Reinaldo Azevedo fez a mesma opção de Maquiavel e preferiu prostituir a verdade a se ver ao lado dos feios, sujos e malvados, tornando-se a figura patética que conhecemos hoje: um sujeito prostrado perante as convenções sociais que julga mais nobres, eternamente empenhado a demonstrar o quanto é limpinho e cheiroso.
Maquiavel, aquela alma atormentada e mal formada que muitos analistas políticos tomam como modelo, deixou em seus registros o relato de um sonho que o perturbou no fim de sua vida.
Segundo seu relato, ele viu em seu sonho uma turba de pobres andrajosos, macilentos e esquálidos que o deixou curioso para saber quem eram as pessoas que a compunham; ao expressar sua curiosidade à turba, ouviu que estava diante dos abençoados acerca de quem as Escrituras dizem "bem-aventurados os pobres de espírito, porque deles é o reino dos céus".

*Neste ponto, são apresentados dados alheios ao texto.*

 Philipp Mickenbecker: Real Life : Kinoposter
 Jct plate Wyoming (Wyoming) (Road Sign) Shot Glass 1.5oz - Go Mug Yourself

Obtida a resposta, viu os maltrapilhos desaparecerem e darem lugar a um grupo de nobres, ricamente trajados, e que discutiam política nos termos mais polidos conhecidos à época; tomado mais uma vez pela curiosidade, fez saber a sua dúvida e como resposta ouviu que estava diante dos condenados ao inferno acerca de quem as Escrituras dizem "a sabedoria deste mundo é inimiga de Deus".

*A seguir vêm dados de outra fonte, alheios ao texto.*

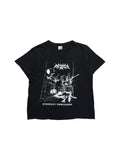 2012 Keya Tourshirt Rezet „European Nightmares“ Schwarz M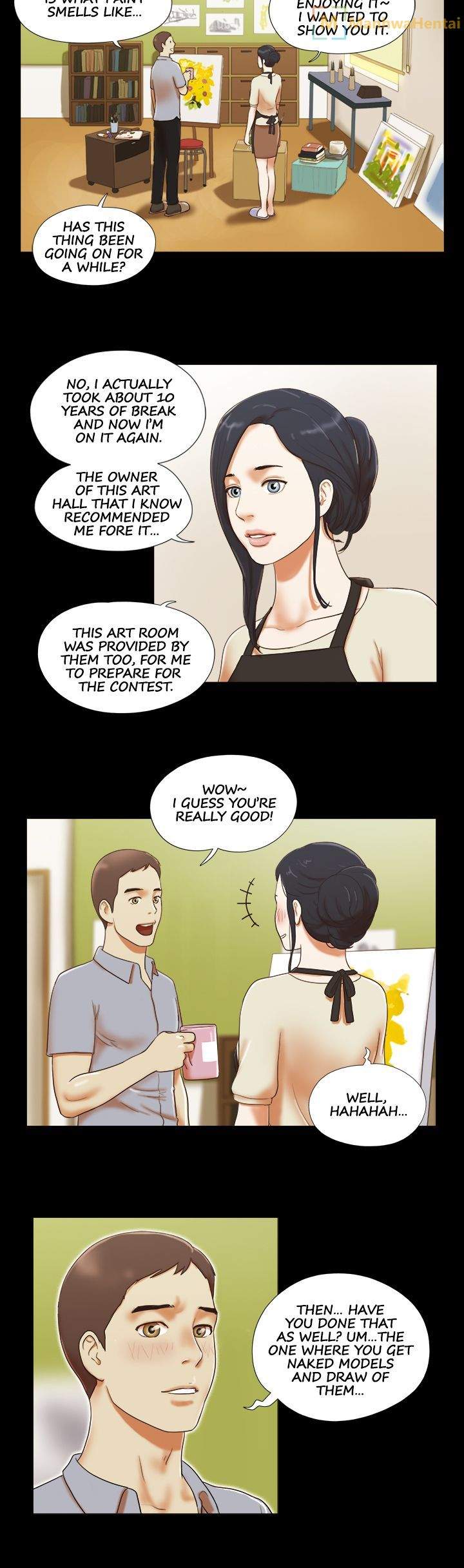 She’s The Girl Chapter 13 - HolyManga.Net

Desaparecido este segundo grupo, uma voz perguntou a ele a qual dos grupos ele desejaria pertencer e, sem rodeio, Maquiavel respondeu que preferia ir para o inferno com os nobres a ser mandado para os céus com o miserável grupo que havia lhe surgido primeiro.
A compreensão do significado desse sonho não exige nenhum conhecimento psicológico aprofundado e pode ser alcançada por qualquer sujeito feio, sujo e malvado como eu ou qualquer outro aluno do professor Olavo de Carvalho.
Trata-se claramente da exposição da mentalidade e da alma de Maquiavel, que aqui serve como arquétipo de todos aqueles que se revestem de um verniz de polidez e se apoiam em uma posição existencial artificiosa e falsa, baseada inteiramente no respeito humano e nas aparências externas; refiro-me àquele sujeito cuja sensibilidade, amortecida para a realidade, responde apenas e tão somente aos apelos estéticos de seu grupo de referência, pelo qual está disposto a tudo ceder, tudo prostituir, tudo sacrificar – até mesmo sua alma e seu amor pela verdade.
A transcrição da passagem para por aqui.